Exercise:
Everything from the line containing "Grijze koordketting: modern" through the final line of the entries must be repeated exactly, and only that, without pictures.

Listed entries:
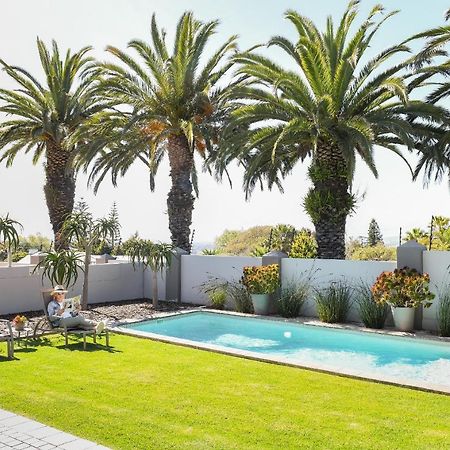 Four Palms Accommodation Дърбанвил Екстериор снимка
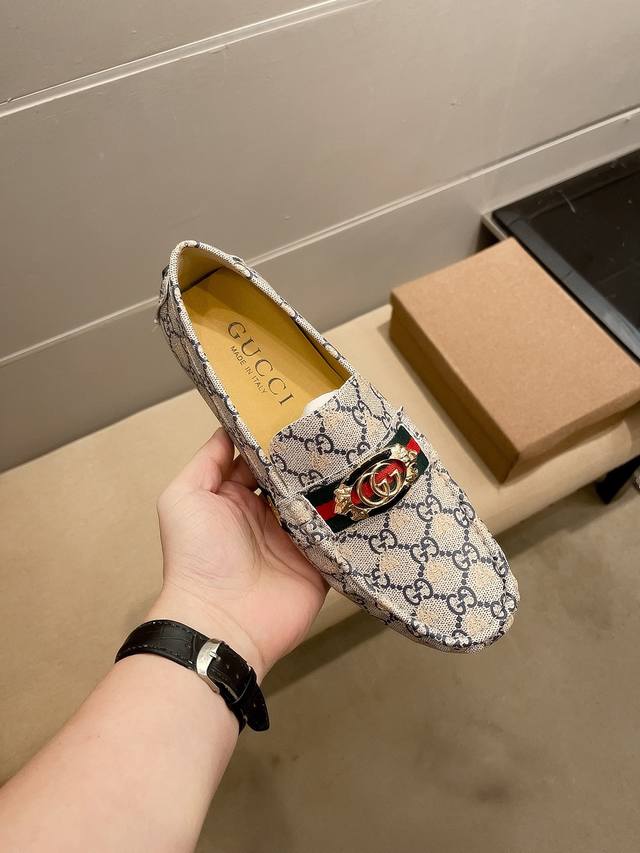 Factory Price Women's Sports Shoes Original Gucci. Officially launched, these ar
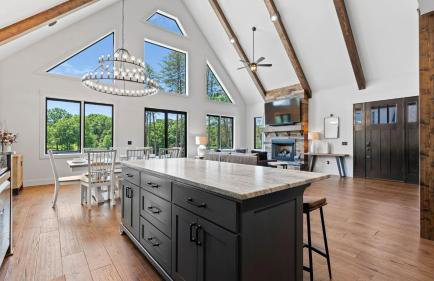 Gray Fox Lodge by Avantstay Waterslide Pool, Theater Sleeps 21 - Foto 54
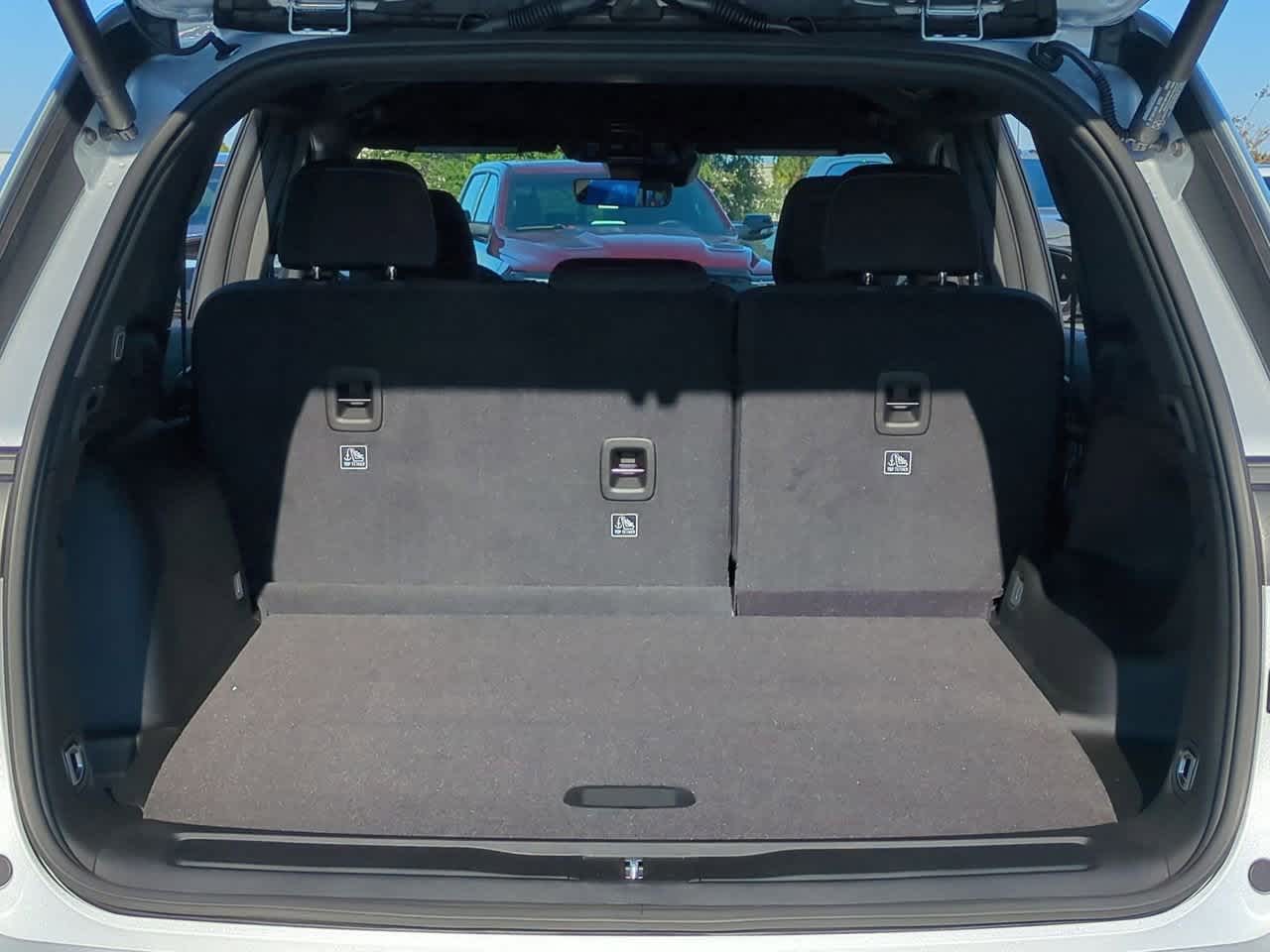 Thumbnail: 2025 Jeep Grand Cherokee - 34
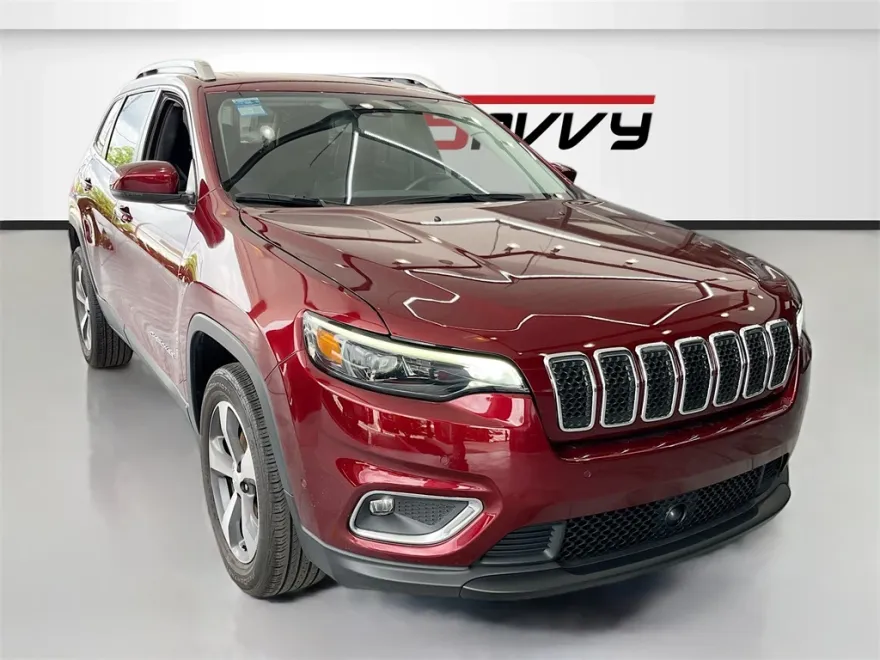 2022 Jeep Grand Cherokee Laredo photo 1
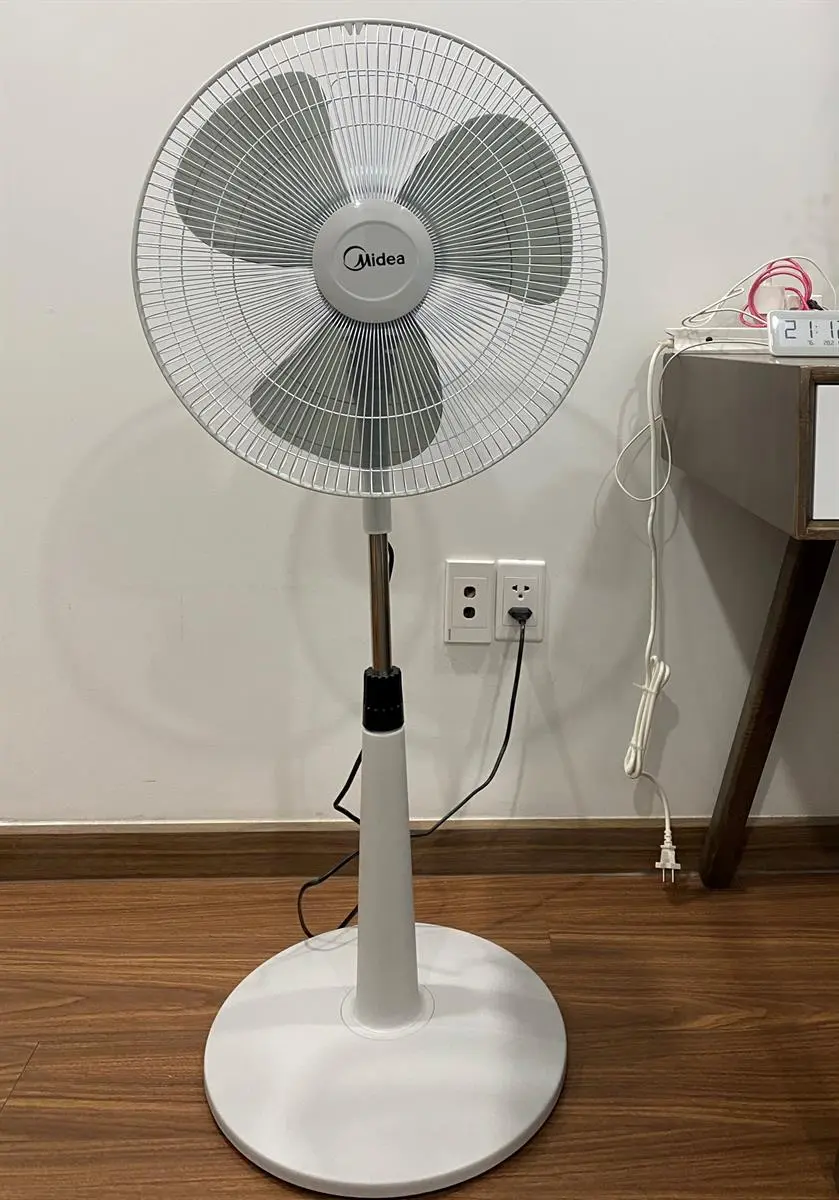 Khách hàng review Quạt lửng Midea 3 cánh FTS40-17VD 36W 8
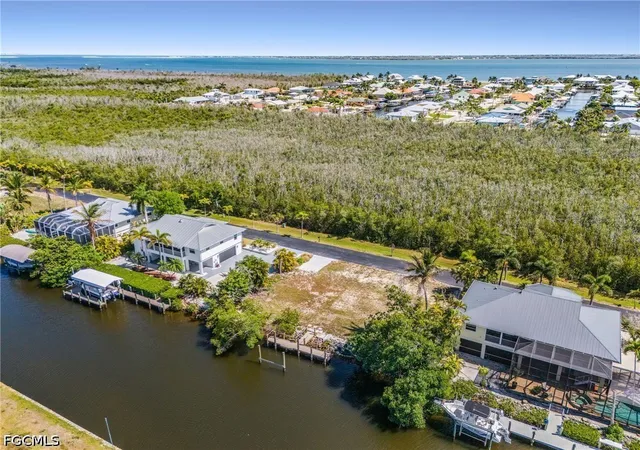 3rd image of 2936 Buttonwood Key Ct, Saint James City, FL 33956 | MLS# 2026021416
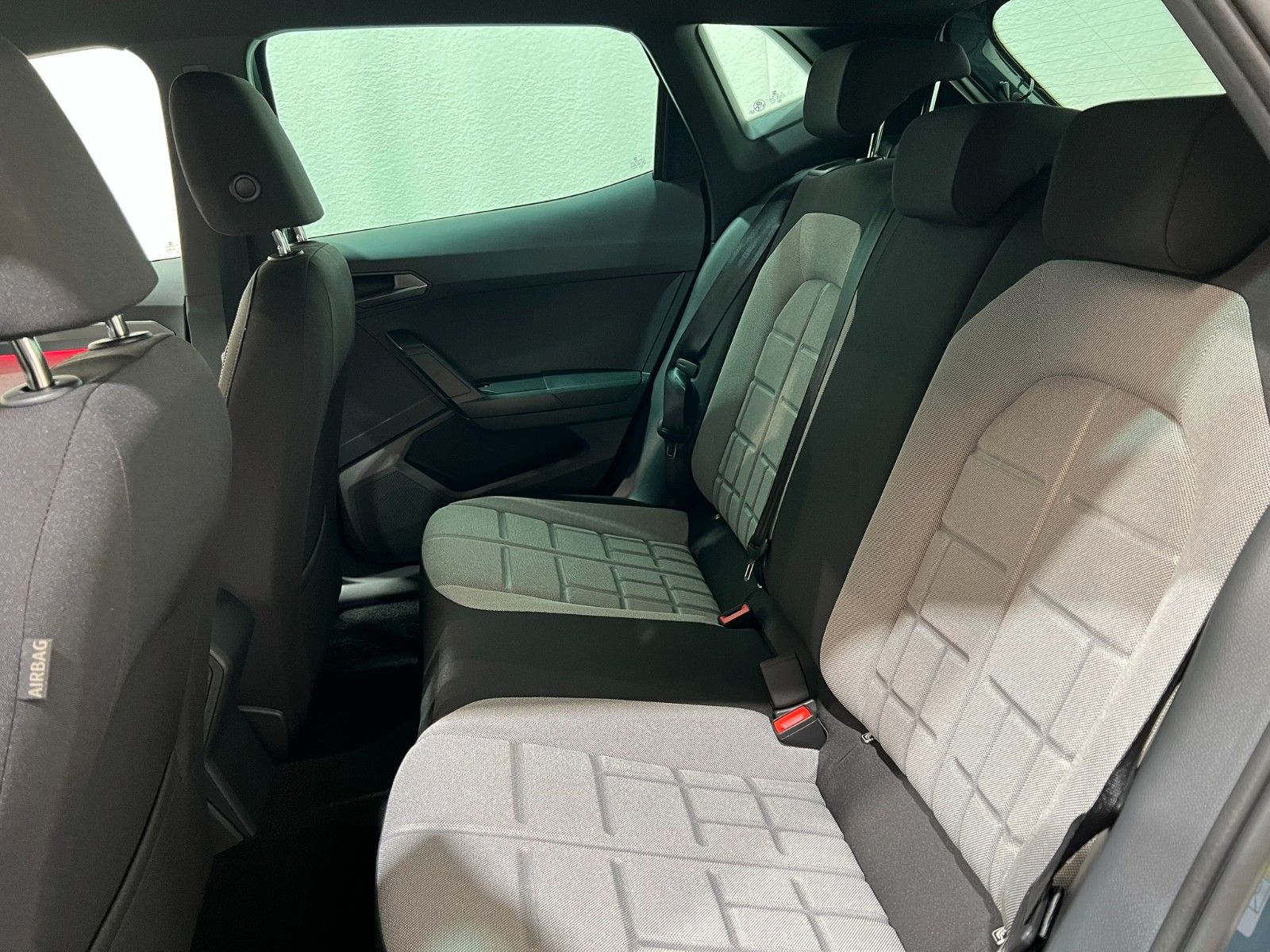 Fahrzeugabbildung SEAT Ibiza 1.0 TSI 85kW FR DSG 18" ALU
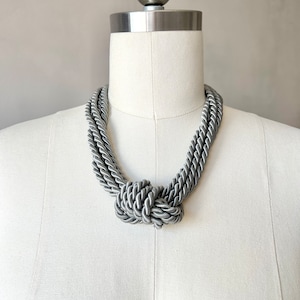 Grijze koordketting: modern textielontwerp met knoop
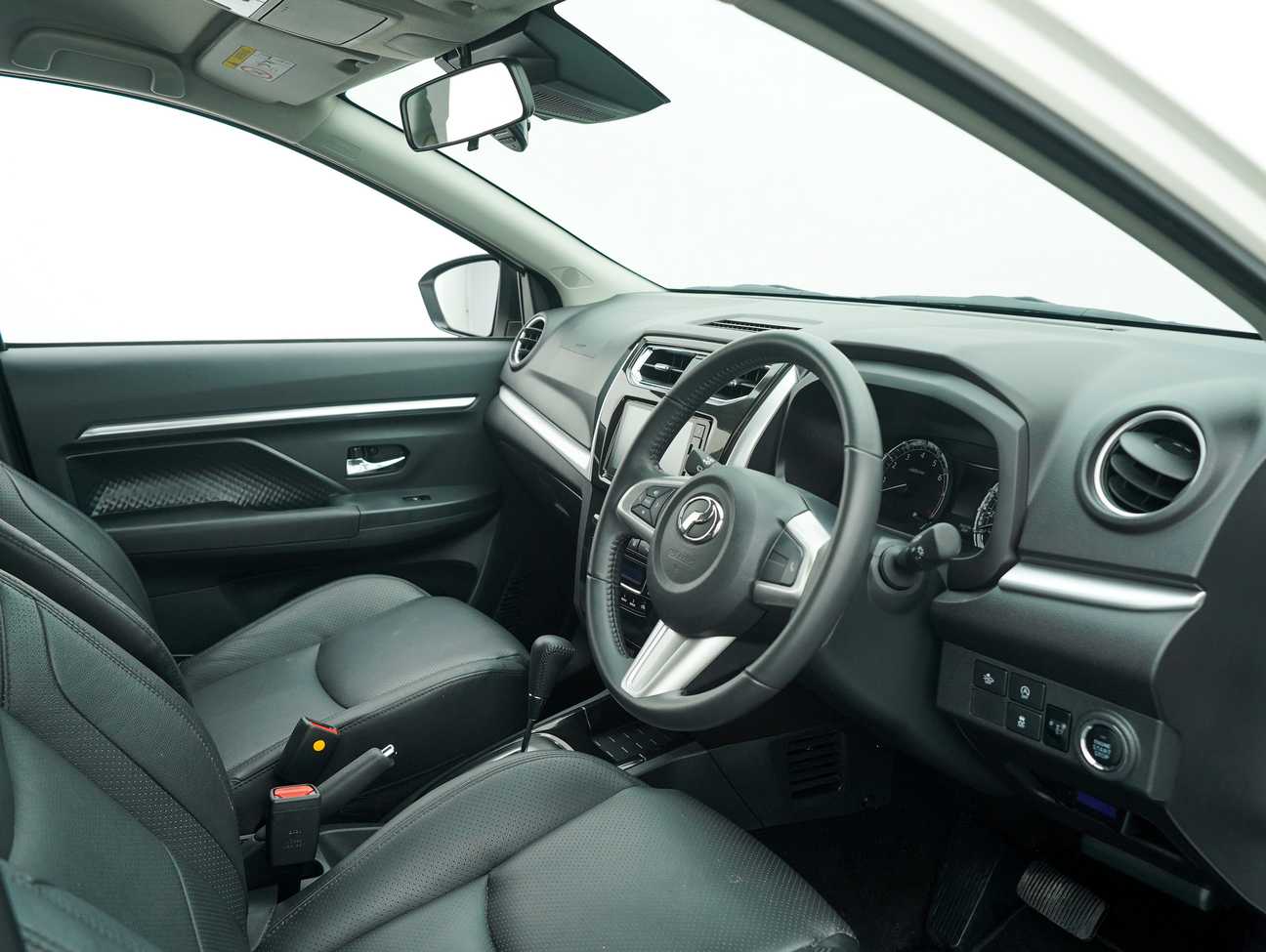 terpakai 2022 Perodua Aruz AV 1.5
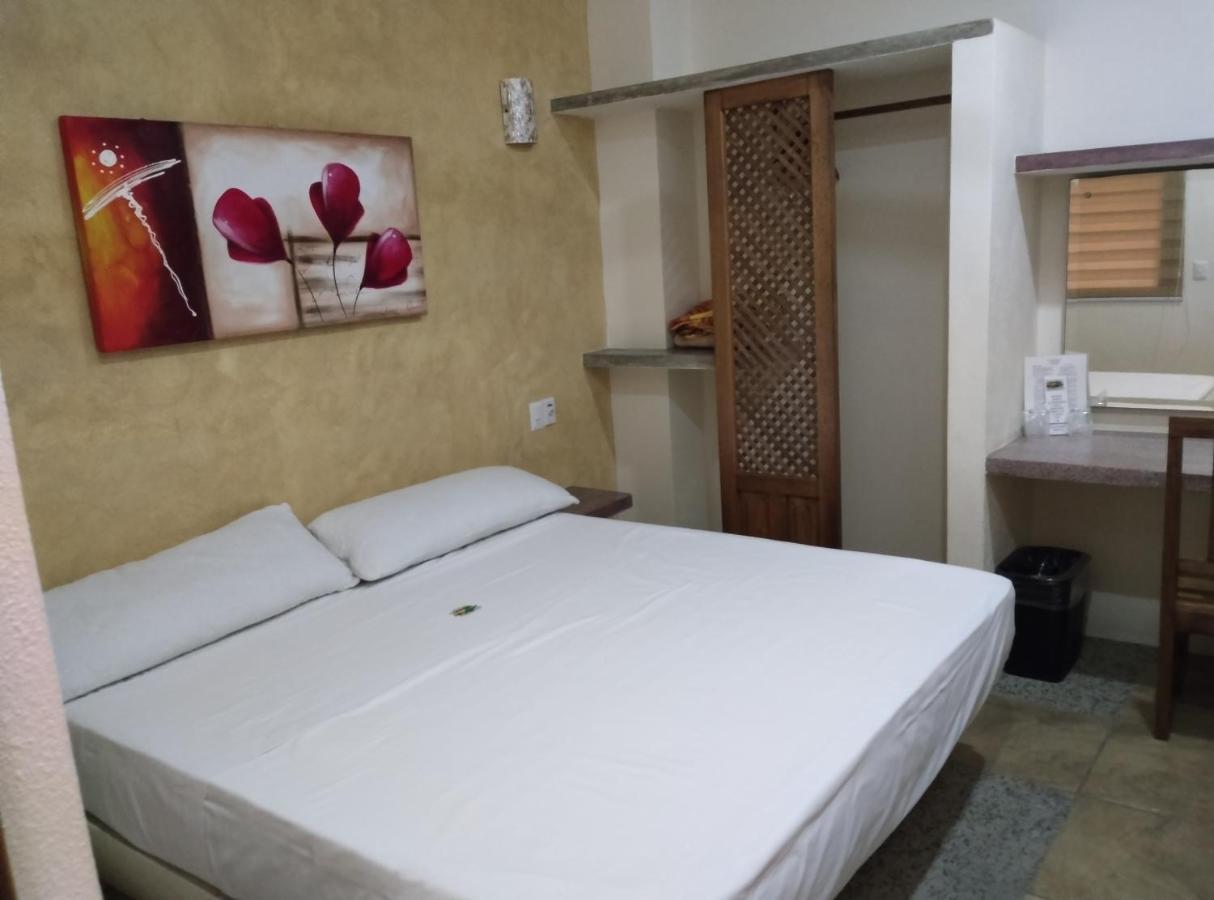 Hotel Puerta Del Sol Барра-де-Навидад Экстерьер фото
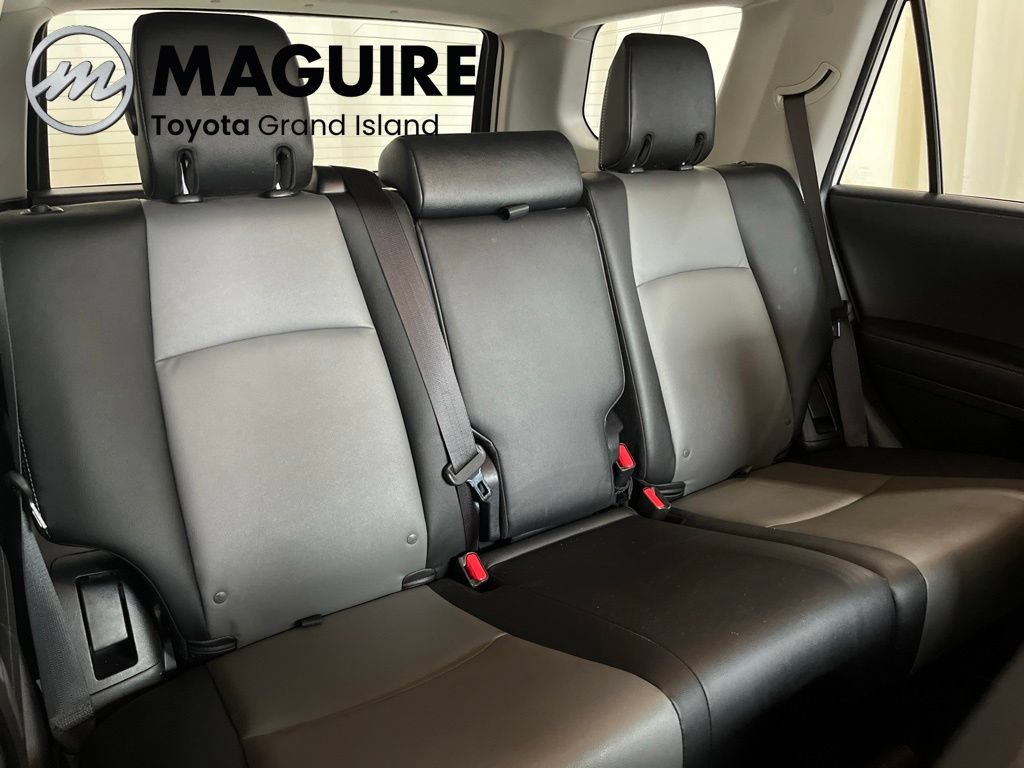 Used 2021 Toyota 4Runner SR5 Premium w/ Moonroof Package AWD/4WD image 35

Your response:
 Grijze koordketting: modern textielontwerp met knoop
 terpakai 2022 Perodua Aruz AV 1.5
 Hotel Puerta Del Sol Барра-де-Навидад Экстерьер фото
 Used 2021 Toyota 4Runner SR5 Premium w/ Moonroof Package AWD/4WD image 35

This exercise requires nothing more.